Trump Has Already Thrown the 2026 World Cup Into Chaos | The New Republic
Foul Play

Trump Has Already Thrown the 2026 World Cup Into Chaos

With less than 100 days until the tournament begins, it is already being tested by war, diplomatic crises, and instability.

U.S. President Donald Trump places a medal from FIFA around his neck after receiving it from FIFA President Gianni Infantino
Andrew Harnik/Getty
Donald Trump places a medal commemorating the FIFA Peace Prize around his neck after receiving it from the organization’s president, Gianni Infantino (right), at the World Cup draw in December.

For half a century, FIFA’s leaders have dished out bribes and raked them in as they’ve cozied up—and handed the World Cup—to despots and murderous regimes all over the globe, from Argentina in 1978 to Russia in 2018. Even the generational scandal that led, in 2015, to multiple arrests on charges of racketeering and wire fraud couldn’t reform FIFA, which simply replaced its old way of doing business (cash slipped into pockets or slid across the table in unmarked envelopes) with a new approach, which one former member of its governance board has described as “legal bribery.

Last year, even by its own debauched standards, FIFA outdid itself when it produced one of recent history’s most innovative sweeteners: a fake peace prize that it invented to curry favor with Donald Trump, who was still furious about missing out on the real one. The FIFA Peace Prize is not exactly the Nobel, to put it mildly. It is an obvious farce, a preposterously stupid award that carried no meaning, let alone prestige. It would be absurd even if it hadn’t been invented to mollify the erratic and belligerent Trump; the fact that it had only made it more ridiculous. But what rendered the FIFA Peace Prize really funny was that Trump seemed genuinely moved when he accepted it.

“This is truly one of the great honors of my life,” a visibly touched Trump said shortly after accepting the prize from Gianni Infantino, the slick operator who has led FIFA since 2016. “Beyond awards, Gianni and I were discussing this, we saved millions and millions of lives,” he continued, before rattling off a preposterous list of the wars and conflicts he claims to have ended. Desperate to be recognized as a great statesman, Trump was not just unbothered by the fact that the prize he had just been given was invented solely for the purpose of puffery; he was seemingly the only person in the world for whom it carried any meaning whatsoever.

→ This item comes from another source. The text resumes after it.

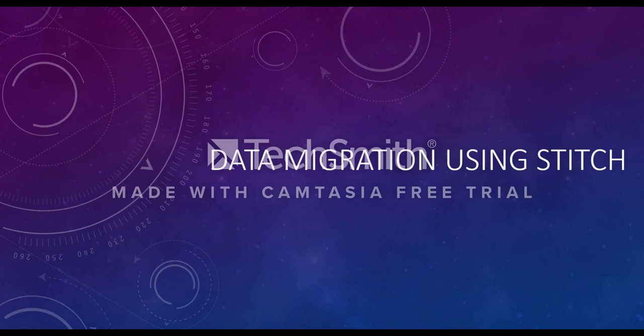Hello everyone, today we are going to discuss data migration using Stitch. Through this video we will discuss what is Stitch, some of its pros and cons, and we will also have a quick demo of how to use Stitch to migrate data from Amazon S3 to Snowflake database.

More than three months after it was awarded, people are still making fun of the FIFA Peace Prize. Perhaps the defining joke of Trump’s second term, it has real staying power. When Trump dies, we can expect a flood of sarcastic tweets mourning the passing of a FIFA Peace Prize winner. But Infantino, the prize’s creator, is not concerned with the opinion of the masses—a sentiment that increasingly shapes FIFA’s approach to soccer in general. For over a year, his primary concern has been the opinion of just one man, Donald Trump. If the cost of winning Trump’s favor is self-debasement, humiliation, and a made-up prize—so be it.

America’s relationships with both of its World Cup co-hosts, Canada and Mexico, were not great on the occasion of the prize, but they have only deteriorated since; Europe’s soccer confederacy has mulled pulling out of the tournament if Trump were to follow through on his threat to invade Greenland; the State Department stopped processing visas from 75 countries—15 of which have qualified for the World Cup—and federal agents killed two civilians during a monthslong operation in Minnesota. Trump, meanwhile, is more erratic and impulsive than ever.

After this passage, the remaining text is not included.